How to verify that a deduplication has taken place

deduplicationwindows-server-2012

Microsoft Windows Server 2012 and onwards offers a de-duplication service that periodically scans files, find identical chunks and removes excessive copies to save space.

To the user browsing the files, they should all look the same.

My problem is that I have a piece of software that's reading these files and failing, when it reads a file processed by de-duplication. I set up a windows server with de-duplication service to develop and test a fix for this but I am not sure if my test files are being deduplicated and if my fix is really working.

Is there something in the file metadata about any deduplication taken place?
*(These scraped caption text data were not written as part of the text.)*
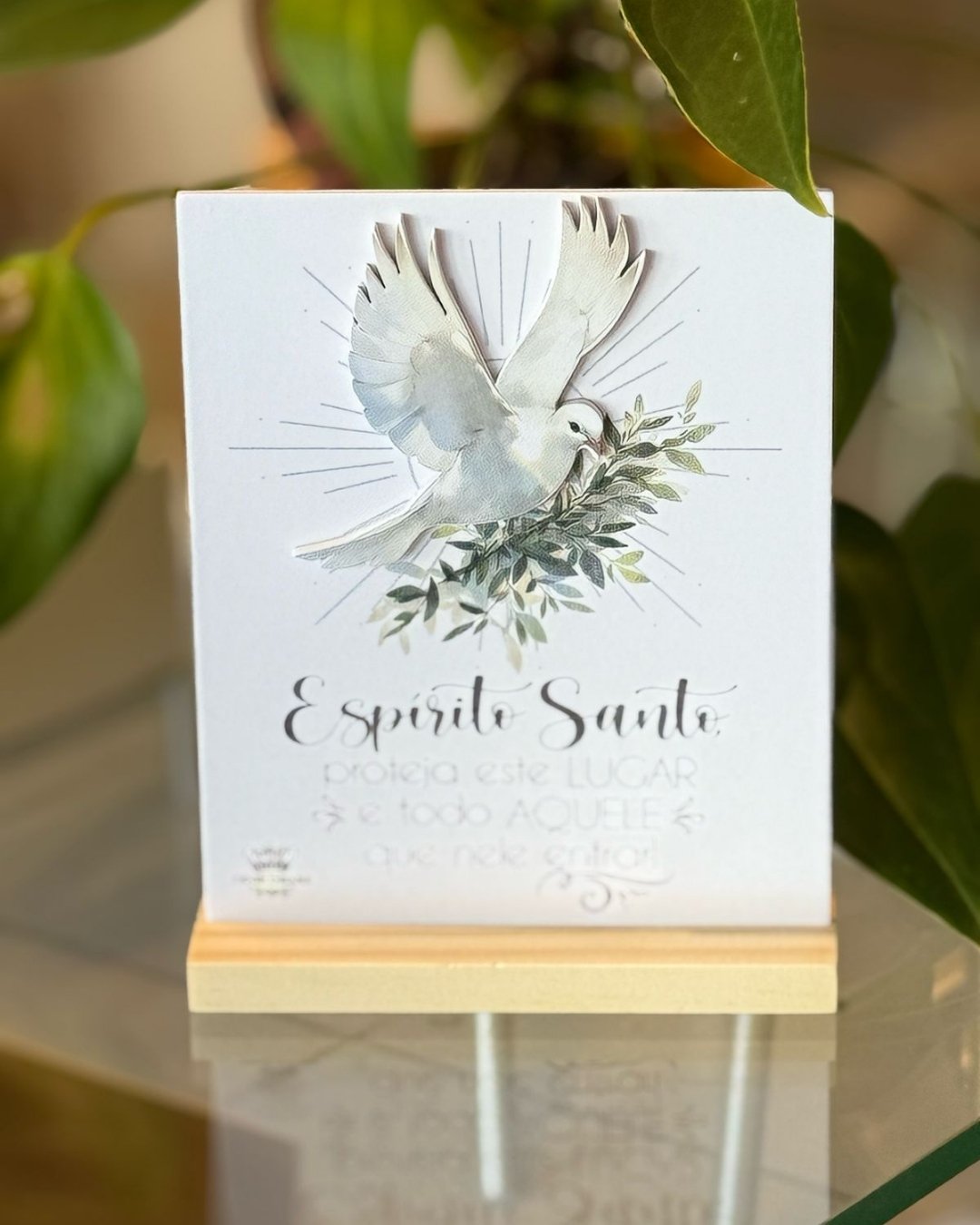 Placa de mesa com a pomba do Espírito Santo e a mensagem "Proteja este lugar e todo aquele que nele entrar!". Decore e abençoe seu lar com esta linda peça.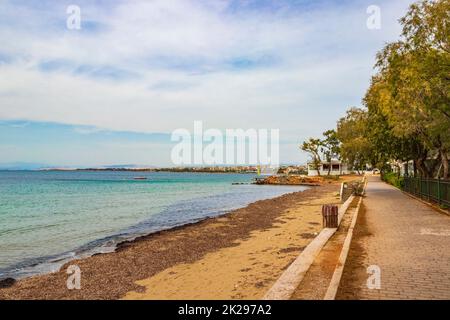 Vert naturel eau turquoise Plage de Vouliagmeni près de Voula Grèce. Banque D'Images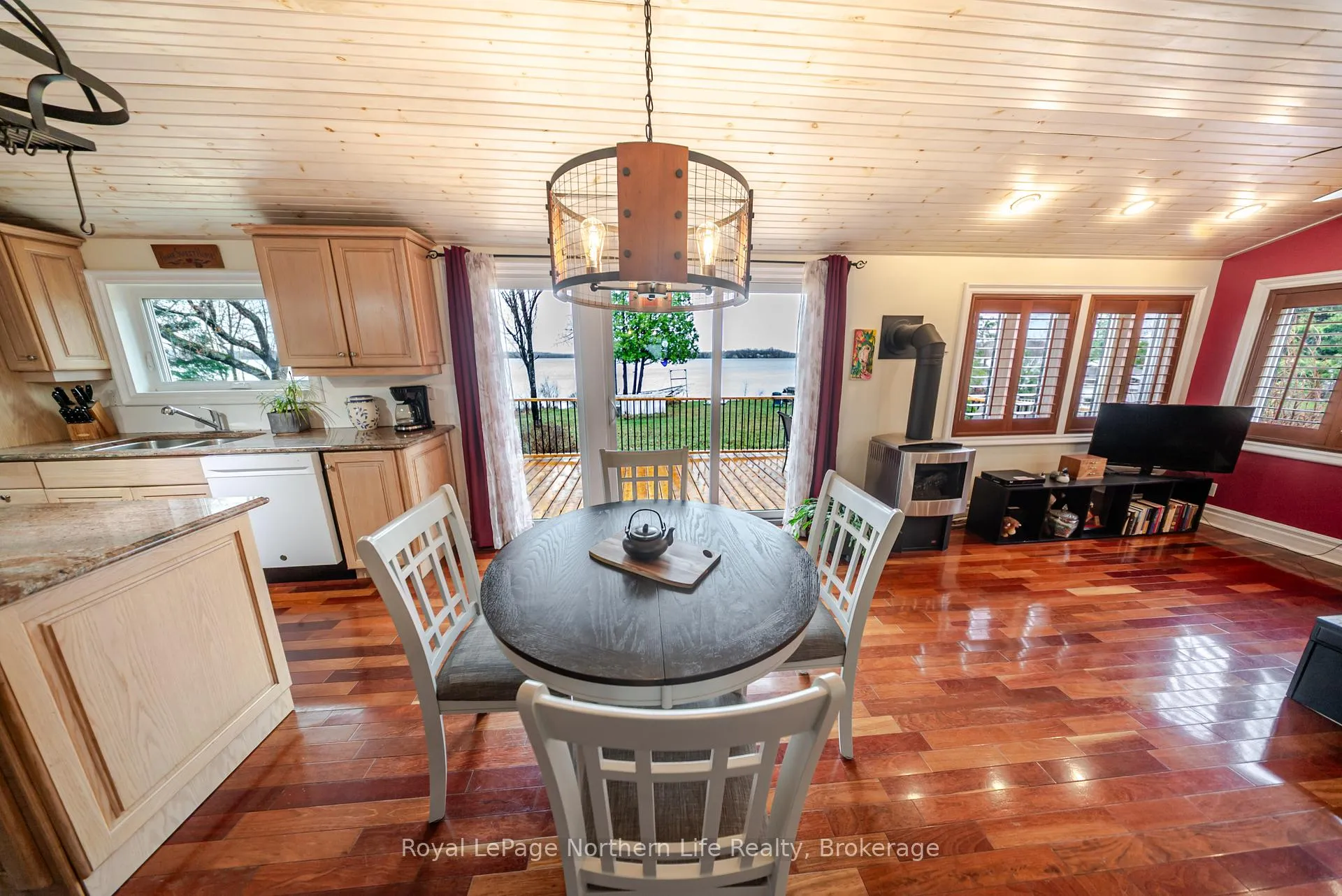 Photo 2 of 80 Islandview Lane, Chisholm — HOMEH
Or perhaps the de-duplication service has an accessible data base with the augmented files?

I have already tried the obvious: create a file, copy that file in the same folder and then view the properties of the folder – but the size of the folder amounts to both files, while I was expecting it to amount to the size of only one file.

Best Answer

Deduplication is implemented as a filter driver on top of NTFS (and now ReFS) and should work transparent. You can always disable it for some particular file sets if it causes issues.

To get deduplication status stick with Get-DedupeStatus cmdlet. See:

https://docs.microsoft.com/en-us/powershell/module/deduplication/get-dedupstatus

There's a way to visualize what's there. See:

https://www.foldersizes.com/features/windowsdeduplicationdiskspace

You can exclude particular files from deduplication jobs. See:

https://docs.microsoft.com/en-us/windows-server/storage/data-deduplication/advanced-settings

ExcludeFileType is what you should look at.

ExcludeFileType File types that are excluded from optimization Array of file extensions Some file types, particularly multimedia or files that are already compressed, do not benefit very much from being optimized. This setting allows you to configure which types are excluded.